Ready to get started?

Learn more:

TIBCO DV Adapters

Access Live Azure Data Lake Storage Data in TIBCO Data Virtualization



Use the CData TIBCO DV Adapter for Azure Data Lake Storage to create a Azure Data Lake Storage data source in TIBCO Data Virtualization Studio and gain access to live Azure Data Lake Storage data from your TDV Server.

TIBCO Data Virtualization (TDV) is an enterprise data virtualization solution that orchestrates access to multiple and varied data sources. When paired with the CData TIBCO DV Adapter for Azure Data Lake Storage, you get federated access to live Azure Data Lake Storage data directly within TIBCO Data Virtualization. This article walks through deploying an adapter and creating a new data source based on Azure Data Lake Storage.

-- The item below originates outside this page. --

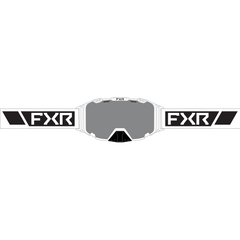 FXR Maverick Goggle White
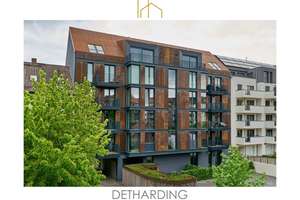Dörnbergstraße: Puristisch und modern. 4 Zimmer-Luxus-Wohnung mit Balkon – Die vollständige Adresse der Immobilie erhältst du vom Anbieter., 34119 West, Kassel – Vorschaubild 1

With built-in optimized data processing, the CData TIBCO DV Adapter offers unmatched performance for interacting with live Azure Data Lake Storage data. When you issue complex SQL queries to Azure Data Lake Storage, the adapter pushes supported SQL operations, like filters and aggregations, directly to Azure Data Lake Storage. Its built-in dynamic metadata querying allows you to work with and analyze Azure Data Lake Storage data using native data types.

Deploy the Azure Data Lake Storage TIBCO DV Adapter

  1. In a console, navigate to the bin folder in the TDV Server installation directory. If there is a current version of the adapter installed, you will need to undeploy it.

    .\server_util.bat -server localhost -user admin -password ******** -undeploy -version 1 -name ADLS
    
  2. Extract the CData TIBCO DV Adapter to a local folder and deploy the JAR file (tdv.adls.jar) to the server from the extract location.

    .\server_util.bat -server localhost -user admin -password ******** -deploy -package /PATH/TO/tdv.adls.jar
    

You may need to restart the server to ensure the new JAR file is loaded properly, which can be accomplished by running the composite.bat script located at: C:\Program Files\TIBCO\TDV Server <version>\bin. Note that reauthenticating to the TDV Studio is required after restarting the server.

Sample Restart Call

.\composite.bat monitor restart

Authenticate with Azure Data Lake Storage Using OAuth

Since Azure Data Lake Storage authenticates using the OAuth protocol and TDV Studio does not support browser-based authentication internally, you will need to create and run a simple Java application to retrieve the OAuth tokens. Once retrieved, the tokens are used to connect to Azure Data Lake Storage directly from the adapter.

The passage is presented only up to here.